The Prime Minister's Office is exploring several reforms in the National Authority for Religious Services – the Chief Rabbinate, Yedioth Ahronoth reported Monday.
The PMO's move came after several surveys conducted in the matter, indicated that the Israeli public has lost its faith in the services provided by local religious councils.
One of the options taken under advisements calls for granting the public access to some of the services provided by the Chief Rabbinate – such as applying for a marriage license or issuing bachelor certificates – through the internet.
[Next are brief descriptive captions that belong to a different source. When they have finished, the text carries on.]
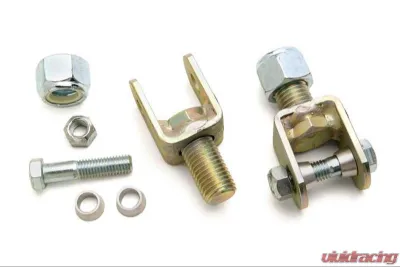 JKS Manufacturing Shock Mount Conversion Kit Jeep Front Upper - JKS9605
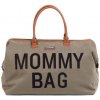 Childhome taška Mommy Bag Canvas Khaki + záruka 3 roky zadarmo
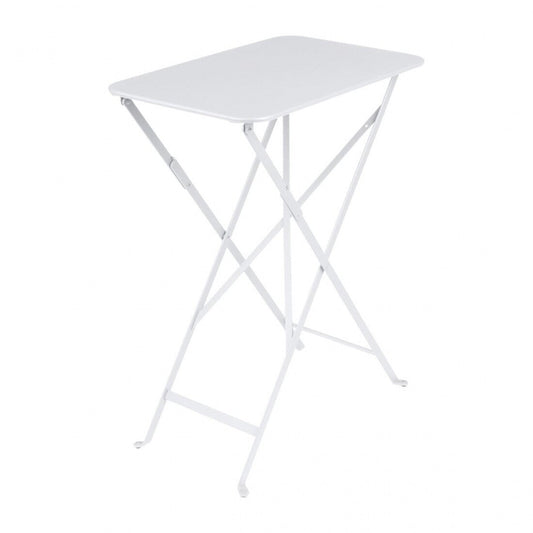 Bistro Klapptisch 37x57cm Weiß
According to the report, the Prime Minister's Office formed a team, consisting of representatives from various government bureaus, to form recommendations to that effect.
The team, atop taking the Chief Rabbinate into the internet era, is supposed to review other ways in which the services provided by it can be made more citizen-friendly.
The site is also expected to feature a new funeral bureau, aimed at centralizing all Chevra Kadisha operations.
Cabinet Secretary Oved Yehezkel, who initiated the move, will be heading the team. Yehezkel was reportedly appalled by the surveys, which indicated over 70% of the secular sector wants nothing to do with the Chief Rabbinate; and that 61% of them believe it is obsolete – a sentiment shared by 40% of the general public.
Yehezkel wrote to Chief Sephardic Rabbi of Israel Shlomo Amar asking him to lend his support to the effort and Rabbi Amar agreed, sending several representatives to join the team.
"We’re not looking to form another not-so-necessary office, but to make the ones which already exist more efficient," said Yehezkel.
"We have enough bodies and sufficient funding and personnel… what we need not is to everything work properly. I'm tired of civil servants who forgot they are here to do just that – serve."